Flood of 2024 research analysed

Then come two large chapters on your thermal materials and device opportunities in the light of breakthroughs in 2024 with a large amount of 2024 research analysed. Chapter 3 "6G thermal management materials and applications" (94 pages) presents the overall thermal picture, with the latest view of needs matched to the latest toolkit. That includes new thermally conductive polymers and composites, thermal metamaterial, hydrogel, aerogel, ionogel, pyrolytic graphite and graphene for both 6G infrastructure and client devices. There is even deep coverage of thermal systems you may wish to supply.

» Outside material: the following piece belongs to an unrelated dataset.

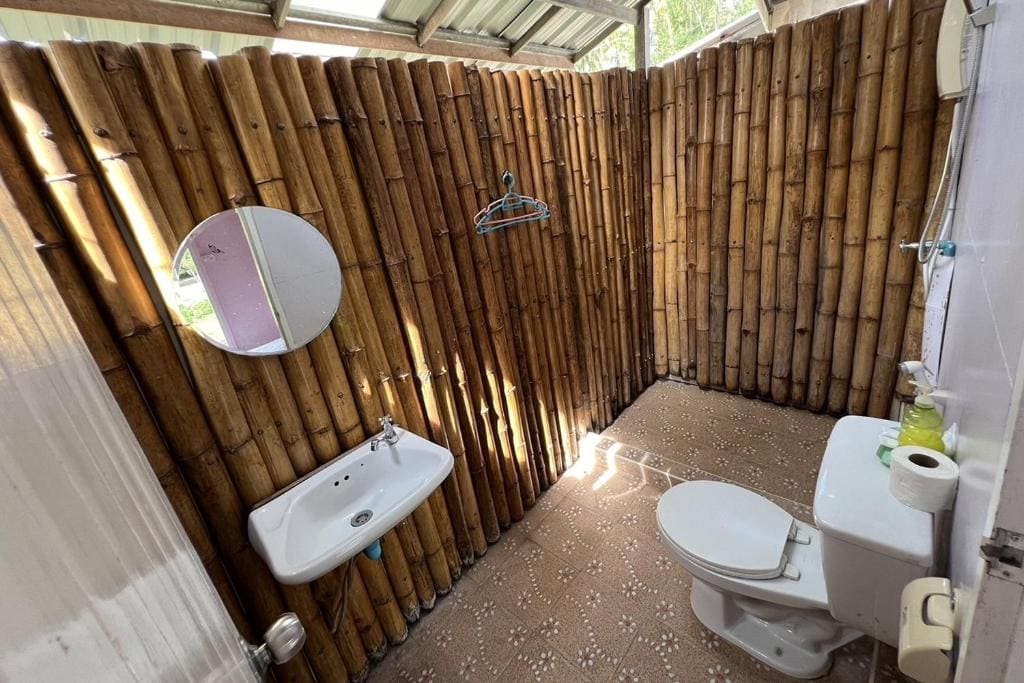 Quadruple Room room - Image 3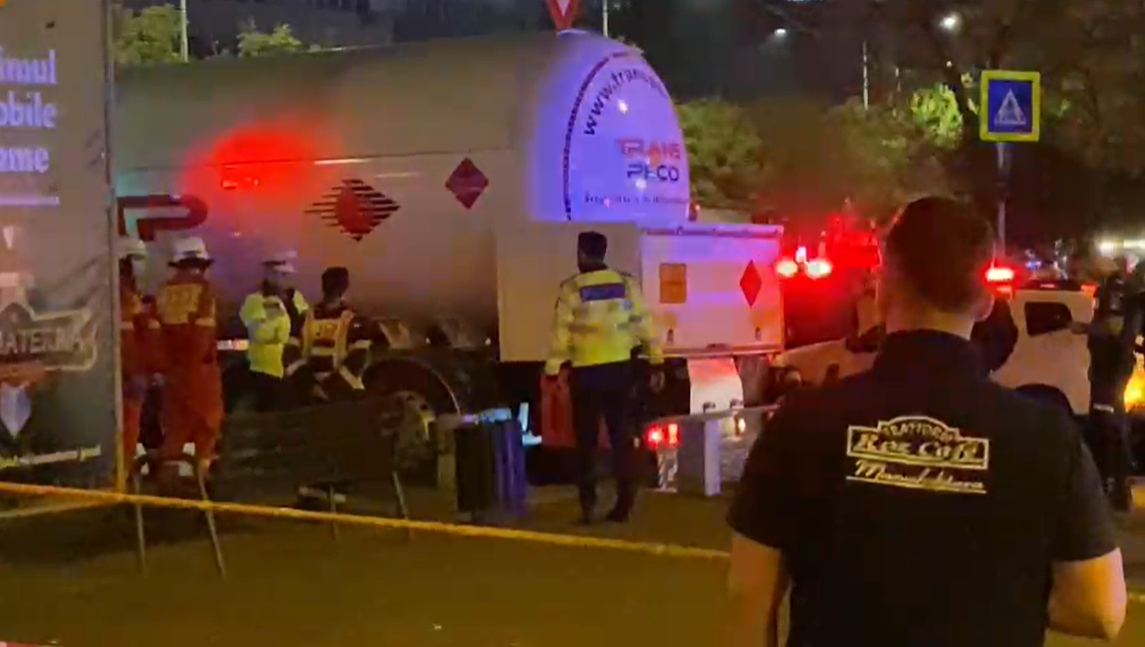 Un pieton a murit prins sub roțile unei cisterne, în zona Lujerului din București. VIDEO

6G cooling becomes a large opportunity

Cooling emerges as the major thermal requirement due to 6G infrastructure making more heat and requiring client devices to manage heat in smaller formats. Indeed, emerging markets are in hotter places such as India and global warming also contributes to the 6G cooling problem. Conventional vapor compression cooling heats cities by up to several degrees and is not fit-and-forget so attention turns to solid state cooling for 6G merging with its hosts such as high-rise buildings and loitering stratospheric drones.

Consequently, a dedicated Chapter 4, "Solid state cooling for 6G using dielectric, thermal and transparent materials" (35 pages) analyses this favourite for infrastructure and client devices on the 20-year view. See eleven primary conclusions, most needed compounds for future solid-state cooling in 211 recent research announcements and twelve solid-state cooling operating principles compared by 10 capabilities. The research pipeline of solid-state cooling by topic vs technology readiness level is presented in three new maturity curves 2025, 2035, 2045. Thermal interface materials, thermoelectric, caloric, passive daytime radiative and other cooling principles are covered. Interestingly, your ultra-WBG materials such as SiN, AlN, BN and dielectrics such as silicas and aluminas are here need for cooling but later identified for many other 6G uses as well. It is found that solid state cooling suitable for 6G mainly needs inorganics whereas the other needs addressed in the report mainly need identified polymers.

Invisibility

Invisible 6G infrastructure will be more acceptable and functional from solar drones at 20km to satellites and transparent materials and devices, two major types being covered in Chapter 5, "Invisibility solves acceptance and performance problems: Transparent passive reflect-arrays and all-round STAR RIS", its 32 pages including two SWOT appraisals and a large amount of research progress in 2024.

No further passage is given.